Saturday, 23 June 2007

Bone Broke

School is over. Those last couple weeks were a pain in the arse, but it's done. So what does this mean? Well, hopefully it means I'll be back on the building circuit - I thought I might go the way of Tom there for a while (jokes). Of course, I give Tom a pat on the back for that interview, maybe I'll top it one day. Getting out of school also means I'll have time to renovate Masoko Tanga, again! I've been wanting to try and separate the Art from the Lego, because I think the Art deserves a larger and more devoted section. So I'm going to work on some flash galleries very akin to those on my sister's new site: Unicorn Break, easier browsing and I'll still leave links to brickshelf for those larger images. In the end I think it'll be much more streamlined and organized (as far as the coding/design goes!), really the idea is to make the site more of a gallery layout as opposed to the news like layout it has now. The design involves this lovely piece of Space Art I did: [link].

Onto today's features. We'll start with a quick glance at some Neo-Classic Space by Peter Reid (legoloverman). It definitely leaves behind most CS conventions, yet still conveys the theme - it's that instantly recognizable colour scheme, pulled off with much excellence here by Peter. The modernization continued even to the figs, which feature newer faces and the modern style helmet. One thing I must add, there's no elegance to this model, I might go far enough to suggest the concept is actually quite ugly - one betrayal of the original theme, while boxy and rigid it still carried a sense of elegance that this misses.

Peter Morris built some mircoscale, one of which near rivals Baulch in shear size: The Asteroid Processor/Harvester. So wow. That's pretty damn big. Peter's messy building style comes in handy with this one, giving a true slapped together industrial spacecraft look. Adding to it's grace is a series of pictures that show the ship processing an asteroid, this ship was built with it's intended purpose in mind and that wins some bonus points. Numerous secondary details, like the pumps and hoses that enable the ship to link up with Peter's Bulk Transport really help in giving the ship a blanket of support. It's not enough to be believable on your own, providing a working backdrop really heightens the realism.

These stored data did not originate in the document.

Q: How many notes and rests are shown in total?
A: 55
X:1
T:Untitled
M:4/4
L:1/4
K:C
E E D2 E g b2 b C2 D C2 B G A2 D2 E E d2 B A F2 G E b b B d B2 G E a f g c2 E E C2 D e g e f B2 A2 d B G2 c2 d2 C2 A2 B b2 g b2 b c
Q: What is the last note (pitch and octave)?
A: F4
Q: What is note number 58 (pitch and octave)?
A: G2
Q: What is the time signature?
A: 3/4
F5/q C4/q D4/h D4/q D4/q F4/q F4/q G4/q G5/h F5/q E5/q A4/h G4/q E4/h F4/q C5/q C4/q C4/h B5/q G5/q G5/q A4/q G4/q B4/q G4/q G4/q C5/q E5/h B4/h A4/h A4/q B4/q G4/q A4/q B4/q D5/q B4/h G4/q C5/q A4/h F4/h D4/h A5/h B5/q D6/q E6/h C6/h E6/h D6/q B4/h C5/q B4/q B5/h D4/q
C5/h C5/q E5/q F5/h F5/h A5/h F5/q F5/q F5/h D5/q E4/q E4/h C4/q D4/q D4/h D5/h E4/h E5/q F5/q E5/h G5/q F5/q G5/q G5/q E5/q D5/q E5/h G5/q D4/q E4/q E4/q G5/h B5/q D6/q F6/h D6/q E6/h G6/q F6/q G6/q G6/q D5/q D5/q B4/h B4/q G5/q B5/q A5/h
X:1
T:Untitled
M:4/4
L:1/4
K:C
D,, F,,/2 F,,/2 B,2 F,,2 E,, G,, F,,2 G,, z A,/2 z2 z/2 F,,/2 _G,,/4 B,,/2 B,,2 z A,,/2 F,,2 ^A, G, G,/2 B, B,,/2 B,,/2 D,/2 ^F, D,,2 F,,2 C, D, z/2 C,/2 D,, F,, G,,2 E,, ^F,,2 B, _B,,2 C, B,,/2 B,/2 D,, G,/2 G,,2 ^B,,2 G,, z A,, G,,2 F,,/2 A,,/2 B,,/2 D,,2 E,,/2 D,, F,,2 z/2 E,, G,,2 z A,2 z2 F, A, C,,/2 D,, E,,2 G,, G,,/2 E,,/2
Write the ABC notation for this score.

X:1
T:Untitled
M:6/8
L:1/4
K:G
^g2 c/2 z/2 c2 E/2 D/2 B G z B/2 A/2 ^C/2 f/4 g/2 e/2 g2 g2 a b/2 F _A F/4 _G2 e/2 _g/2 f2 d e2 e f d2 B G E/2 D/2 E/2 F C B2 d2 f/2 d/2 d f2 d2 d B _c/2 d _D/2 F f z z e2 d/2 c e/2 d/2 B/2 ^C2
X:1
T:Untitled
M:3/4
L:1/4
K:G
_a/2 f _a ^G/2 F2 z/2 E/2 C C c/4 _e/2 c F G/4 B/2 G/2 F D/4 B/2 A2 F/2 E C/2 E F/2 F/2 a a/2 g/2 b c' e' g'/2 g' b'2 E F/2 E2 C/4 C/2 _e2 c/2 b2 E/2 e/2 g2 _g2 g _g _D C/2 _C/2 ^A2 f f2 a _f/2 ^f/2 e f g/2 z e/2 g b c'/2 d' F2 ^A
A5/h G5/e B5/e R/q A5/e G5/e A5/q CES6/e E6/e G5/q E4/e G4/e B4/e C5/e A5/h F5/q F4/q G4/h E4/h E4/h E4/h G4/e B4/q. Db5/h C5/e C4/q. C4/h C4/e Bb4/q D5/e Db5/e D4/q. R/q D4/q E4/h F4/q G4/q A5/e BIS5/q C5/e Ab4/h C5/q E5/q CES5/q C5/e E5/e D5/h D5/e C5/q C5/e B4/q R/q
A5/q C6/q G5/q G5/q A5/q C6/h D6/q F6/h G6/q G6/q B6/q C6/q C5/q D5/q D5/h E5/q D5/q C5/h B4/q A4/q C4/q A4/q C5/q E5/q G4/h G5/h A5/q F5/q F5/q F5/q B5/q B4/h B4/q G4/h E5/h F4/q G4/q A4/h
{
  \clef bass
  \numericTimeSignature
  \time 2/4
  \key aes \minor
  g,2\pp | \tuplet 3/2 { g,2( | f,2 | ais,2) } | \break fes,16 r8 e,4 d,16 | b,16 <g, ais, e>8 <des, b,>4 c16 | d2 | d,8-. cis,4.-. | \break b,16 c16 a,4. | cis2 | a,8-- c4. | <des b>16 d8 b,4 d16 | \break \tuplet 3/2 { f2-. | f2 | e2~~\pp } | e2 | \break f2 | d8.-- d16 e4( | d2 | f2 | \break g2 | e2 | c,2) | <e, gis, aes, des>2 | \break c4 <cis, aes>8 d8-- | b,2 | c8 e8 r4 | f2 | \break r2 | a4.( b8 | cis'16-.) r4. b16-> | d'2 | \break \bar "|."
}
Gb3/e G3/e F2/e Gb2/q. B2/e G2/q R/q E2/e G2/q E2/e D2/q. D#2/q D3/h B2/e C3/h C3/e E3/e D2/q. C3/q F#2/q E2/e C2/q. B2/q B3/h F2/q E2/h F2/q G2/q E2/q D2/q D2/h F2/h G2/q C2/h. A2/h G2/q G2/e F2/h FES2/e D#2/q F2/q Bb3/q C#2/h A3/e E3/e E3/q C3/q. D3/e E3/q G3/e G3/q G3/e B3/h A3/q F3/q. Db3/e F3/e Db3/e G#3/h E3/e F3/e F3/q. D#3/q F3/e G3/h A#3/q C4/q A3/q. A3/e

Lastly we have a microscale sci-fi city design by brickshelf user Sly420. It makes use of the abstract shapes of many well known pieces to achieve a believable city scape. Yes, that is a rocket tail - but what if I use it like this? Using pieces to this effect always generates praise, perhaps this isn't the most ground breaking example but it fits the general theme. There's not too much to say about this one, but take a good look at it and make use of the various techniques they employ throughout it's construction.